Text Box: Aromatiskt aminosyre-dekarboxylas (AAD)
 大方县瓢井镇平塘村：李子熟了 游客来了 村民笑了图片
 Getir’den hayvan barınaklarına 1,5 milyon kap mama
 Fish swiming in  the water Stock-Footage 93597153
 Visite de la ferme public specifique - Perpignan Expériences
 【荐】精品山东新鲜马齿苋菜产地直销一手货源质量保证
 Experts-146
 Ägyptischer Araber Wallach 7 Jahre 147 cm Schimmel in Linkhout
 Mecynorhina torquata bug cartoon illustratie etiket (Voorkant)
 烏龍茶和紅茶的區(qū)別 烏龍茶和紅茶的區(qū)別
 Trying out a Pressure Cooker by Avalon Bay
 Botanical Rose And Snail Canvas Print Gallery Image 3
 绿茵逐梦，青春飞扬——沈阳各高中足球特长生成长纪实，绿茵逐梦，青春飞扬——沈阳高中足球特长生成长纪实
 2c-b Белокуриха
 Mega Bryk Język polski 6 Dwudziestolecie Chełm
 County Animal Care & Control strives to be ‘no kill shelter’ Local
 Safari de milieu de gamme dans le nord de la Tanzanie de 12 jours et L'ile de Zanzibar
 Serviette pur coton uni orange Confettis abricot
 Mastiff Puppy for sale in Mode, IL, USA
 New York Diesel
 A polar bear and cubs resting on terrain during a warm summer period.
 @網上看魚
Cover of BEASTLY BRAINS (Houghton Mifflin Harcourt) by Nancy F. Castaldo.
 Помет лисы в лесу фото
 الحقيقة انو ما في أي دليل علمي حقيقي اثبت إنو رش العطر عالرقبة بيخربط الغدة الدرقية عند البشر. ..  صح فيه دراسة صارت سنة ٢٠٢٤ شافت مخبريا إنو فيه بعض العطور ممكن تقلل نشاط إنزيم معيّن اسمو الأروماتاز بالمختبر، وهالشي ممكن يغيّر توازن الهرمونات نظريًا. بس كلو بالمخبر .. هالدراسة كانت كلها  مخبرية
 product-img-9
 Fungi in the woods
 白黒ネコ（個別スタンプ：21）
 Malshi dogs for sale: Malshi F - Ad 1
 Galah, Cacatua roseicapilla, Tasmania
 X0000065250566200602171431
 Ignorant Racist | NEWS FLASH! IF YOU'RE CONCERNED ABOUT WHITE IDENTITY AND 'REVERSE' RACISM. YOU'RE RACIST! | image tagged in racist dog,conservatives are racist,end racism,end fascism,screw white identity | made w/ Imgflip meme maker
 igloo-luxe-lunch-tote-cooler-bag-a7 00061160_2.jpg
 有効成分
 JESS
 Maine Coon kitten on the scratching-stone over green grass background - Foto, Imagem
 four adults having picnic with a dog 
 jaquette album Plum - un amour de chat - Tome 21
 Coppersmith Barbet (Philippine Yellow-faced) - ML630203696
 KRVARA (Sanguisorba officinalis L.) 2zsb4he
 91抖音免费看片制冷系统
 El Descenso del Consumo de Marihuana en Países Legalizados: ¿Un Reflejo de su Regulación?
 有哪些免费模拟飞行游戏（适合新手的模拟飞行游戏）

Activity: Write every entry out again exactly.

Output for this exercise:
Text Box: Aromatiskt aminosyre-dekarboxylas (AAD)
 大方县瓢井镇平塘村：李子熟了 游客来了 村民笑了图片
 Getir’den hayvan barınaklarına 1,5 milyon kap mama
 Fish swiming in  the water Stock-Footage 93597153
 Visite de la ferme public specifique - Perpignan Expériences
 【荐】精品山东新鲜马齿苋菜产地直销一手货源质量保证
 Experts-146
 Ägyptischer Araber Wallach 7 Jahre 147 cm Schimmel in Linkhout
 Mecynorhina torquata bug cartoon illustratie etiket (Voorkant)
 烏龍茶和紅茶的區(qū)別 烏龍茶和紅茶的區(qū)別
 Trying out a Pressure Cooker by Avalon Bay
 Botanical Rose And Snail Canvas Print Gallery Image 3
 绿茵逐梦，青春飞扬——沈阳各高中足球特长生成长纪实，绿茵逐梦，青春飞扬——沈阳高中足球特长生成长纪实
 2c-b Белокуриха
 Mega Bryk Język polski 6 Dwudziestolecie Chełm
 County Animal Care & Control strives to be ‘no kill shelter’ Local
 Safari de milieu de gamme dans le nord de la Tanzanie de 12 jours et L'ile de Zanzibar
 Serviette pur coton uni orange Confettis abricot
 Mastiff Puppy for sale in Mode, IL, USA
 New York Diesel
 A polar bear and cubs resting on terrain during a warm summer period.
 @網上看魚
Cover of BEASTLY BRAINS (Houghton Mifflin Harcourt) by Nancy F. Castaldo.
 Помет лисы в лесу фото
 الحقيقة انو ما في أي دليل علمي حقيقي اثبت إنو رش العطر عالرقبة بيخربط الغدة الدرقية عند البشر. ..  صح فيه دراسة صارت سنة ٢٠٢٤ شافت مخبريا إنو فيه بعض العطور ممكن تقلل نشاط إنزيم معيّن اسمو الأروماتاز بالمختبر، وهالشي ممكن يغيّر توازن الهرمونات نظريًا. بس كلو بالمخبر .. هالدراسة كانت كلها  مخبرية
 product-img-9
 Fungi in the woods
 白黒ネコ（個別スタンプ：21）
 Malshi dogs for sale: Malshi F - Ad 1
 Galah, Cacatua roseicapilla, Tasmania
 X0000065250566200602171431
 Ignorant Racist | NEWS FLASH! IF YOU'RE CONCERNED ABOUT WHITE IDENTITY AND 'REVERSE' RACISM. YOU'RE RACIST! | image tagged in racist dog,conservatives are racist,end racism,end fascism,screw white identity | made w/ Imgflip meme maker
 igloo-luxe-lunch-tote-cooler-bag-a7 00061160_2.jpg
 有効成分
 JESS
 Maine Coon kitten on the scratching-stone over green grass background - Foto, Imagem
 four adults having picnic with a dog 
 jaquette album Plum - un amour de chat - Tome 21
 Coppersmith Barbet (Philippine Yellow-faced) - ML630203696
 KRVARA (Sanguisorba officinalis L.) 2zsb4he
 91抖音免费看片制冷系统
 El Descenso del Consumo de Marihuana en Países Legalizados: ¿Un Reflejo de su Regulación?
 有哪些免费模拟飞行游戏（适合新手的模拟飞行游戏）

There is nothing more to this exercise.